O impasse sobre a contratação de energia pela Eletrobras e pela Ande (Administração Nacional de Eletricidade do Paraguai) da usina binacional de Itaipu, deflagrado no fim de julho, tomou proporções inimagináveis e quase derrubou o governo de Mario Abdo Benítez no Paraguai. Em outra reportagem, a Gazeta do Povo já havia explicado alguns aspectos técnicos sobre a contratação de energia e acordos firmados entre os dois países que permitem que o Paraguai contrate mais energia excedente do que o Brasil - ou seja, energia mais barata. Mas é preciso ir além das explicações técnicas e entender a guerra de versões e os personagens envolvidos nesta trama.

Pedro Ferreira e o estopim da crise política no Paraguai

A crise política do Paraguai estourou em 24 de julho, quando o então presidente da Ande Pedro Ferreira renunciou ao cargo. Nesse mesmo dia, já especulava-se que o motivo de sua saída era um desentendimento relacionado a uma ata assinada por Brasil e Paraguai referente à contratação de energia de Itaipu para 2019 e os próximos três anos. Nesta época, os termos desta ata não eram de conhecimento público.

O documento foi redigido e assinado pelas chancelarias dos dois países em 24 de maio, após uma longa negociação que começou em fevereiro, mas era necessária a aprovação da Ande para que pudesse ser efetivado. Posteriormente, Ferreira confirmou sua objeção à ata dizendo que ela acarretaria prejuízos ao Paraguai, possivelmente forçando um aumento de tarifa de energia aos cidadãos.

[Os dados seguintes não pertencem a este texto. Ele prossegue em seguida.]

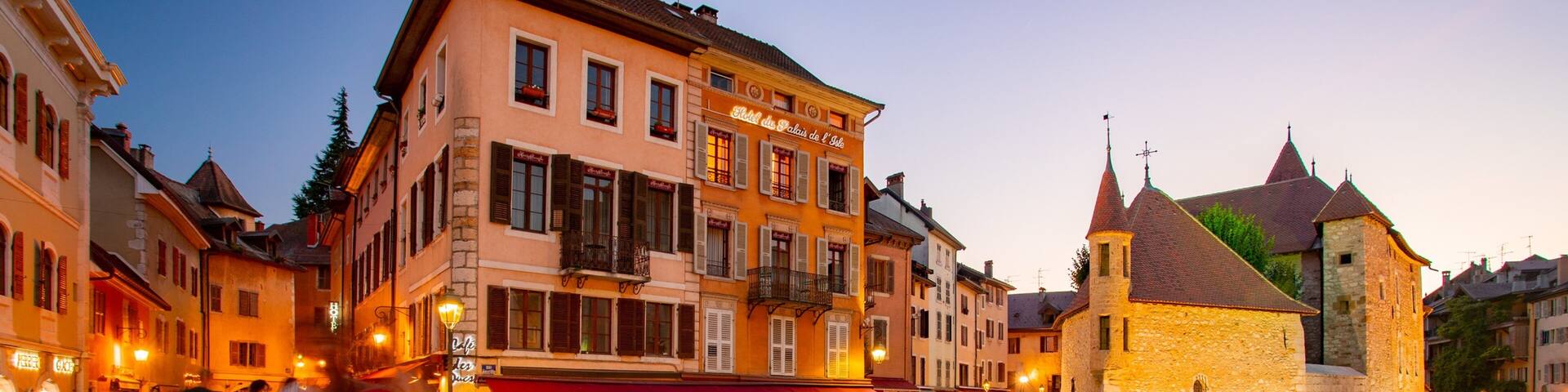 Annecy featuring a sunset and a river or creek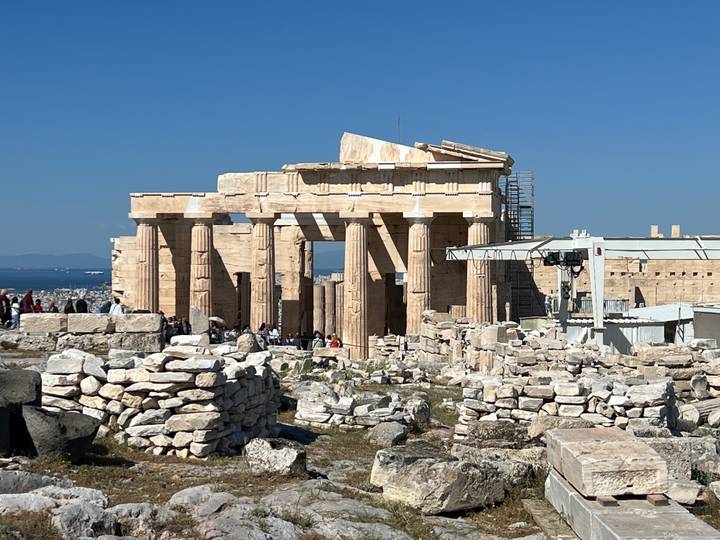 The Parthenon’s weathered columns rise above scattered ancient stones with tourists exploring the Acropolis plateau.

Ele disse a Marito que não contrataria energia da Ande com base naquele acordo e por isso renunciou.

Ferreira foi nomeado como presidente da Ande na gestão Marito, como é conhecido o presidente do Paraguai, tomando posse em 15 de agosto de 2018. O engenheiro civil e industrial com 30 anos de experiência passou por nove dos dez cargos de gerência da Ande. Foi chefe do Instituto de Seguridade Social do Mercosul durante o governo de Nicanor Duarte (2003-8).

No dia seguinte à renúncia de Ferreira, a imprensa paraguaia já falava do “acordo secreto” e “entreguista” assinado pelo governo de Marito. A oposição classifica a ata bilateral como “traição à pátria”.

O que se sabia até então era que o Paraguai estaria “abrindo mão” de um direito adquirido em 2007, quando os governos dos dois países assinaram um acordo que dava prioridade de consumo da energia excedente da usina de Itaipu ao Paraguai - bem mais barata do que a energia contratada, pois não há o custo da dívida de construção da usina, royalties e outros componentes da tarifa.

Na época, a energia excedente era dividida meio a meio, mas o Brasil precisava colocar em operação mais duas unidades geradoras. Essa instalação prejudicaria o Paraguai, que não precisava de mais energia, porque o excedente produzido pela usina diminuiria. E por isso o acordo foi firmado.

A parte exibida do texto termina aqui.